Transformation inflated with 0's

4429
10
01-03-2012 06:32 AM
BrookeHodge
New Contributor III
Hi,

I am having an issue with attempting to use krigging on a dataset I have.  My data is not normally distributed and it is seriously 0 inflated.  I want to normalize it in order to use krigging, but because I have 0 values, my only option is to use a Normal Score transformation using simple krigging, however, even that doesn't seem to be helping much.  Is there any suggestions anyone can give me to normalize my data, or other interpolation options that might be better suited to my data?

Thank you in advance for your help.
Brooke
0 Kudos
10 Replies
EricKrause
Esri Regular Contributor
Do the zero and non-zero values cluster together?  In other words, does your map seem to be divided between regions of zeros and regions of non-zeros?  For example, we often see this with rainfall data: large areas of all zero (where it didn't rain) and large areas of all non-zero (where it did rain).
0 Kudos
BrookeHodge
New Contributor III
Hi,

Thank you for your response.  Generally, yes.  The data is of whale sightings, and there are areas where the whales are seen most often (and where the highest survey effort is), so there are generally a couple pockets where the values are high, surrounded by a lot of 0's.  The values are of numbers of whales accounting for the level of survey effort.  So there are ares where there is at least some effort, but no whales sighted.  These are most likely false 0's, meaning that those aren't necessarily areas where there are 0 whales there, but at the time of the survey, no whales were seen there.  I'm also working on other models that might deal with this issue, however, my overall goal is to created an interpolated surface of whale distribution, which is why I'm trying to figure out how to make my data appropriate to use a krigging method.

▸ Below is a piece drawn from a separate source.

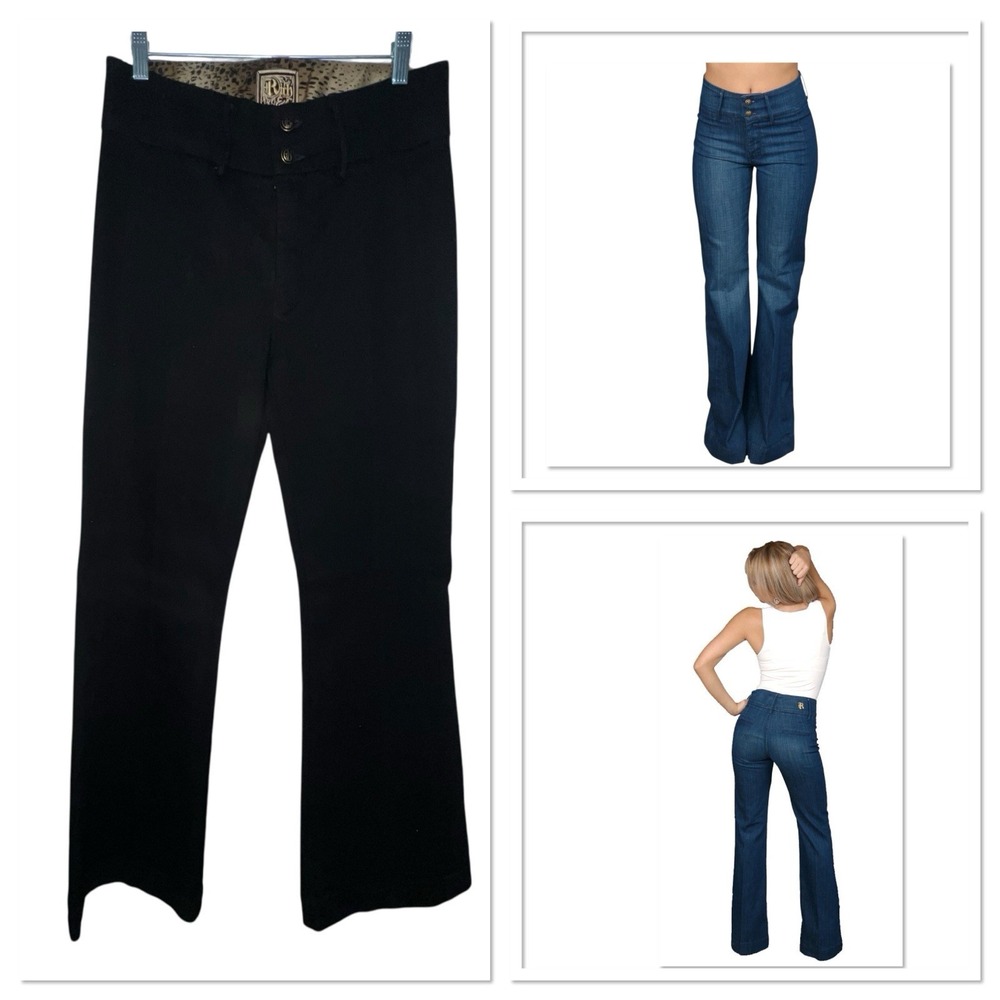 Rich & Skinny Ritzy Pants Black Womens Wide Leg High Rise Jeans Size 31 New USA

Thanks for your help on this,
Brooke
0 Kudos
EricKrause
Esri Regular Contributor
Would it be possible to send your data to ekrause@esri.com?  I have a couple ideas, but I need to see your data to know if they will work.

Even if you can't send your data, send me an email anyway, and I'll try to point you in the right direction.
0 Kudos
JeffreyEvans
Occasional Contributor III
Sun et. al., (2003) proposed a double kriging approach where you specify an indicator kriging model to derive a mask then make your estimates using ordinary kriging with log-transformed data. I attached the Sun et. al., 2003 paper.

Depending on the size of your problem I would highly recommend investigating Zero Inflation Poisson (ZIP) regression as an alternative to kriging. A good ZIP reference for spatial models is Agarwal et. al., 2003 (http://www.springerlink.com/content/w355777u4xk83426/).
0 Kudos
BrookeHodge
New Contributor III
Eric, I emailed you with  my data.  Thank you for taking a look at this!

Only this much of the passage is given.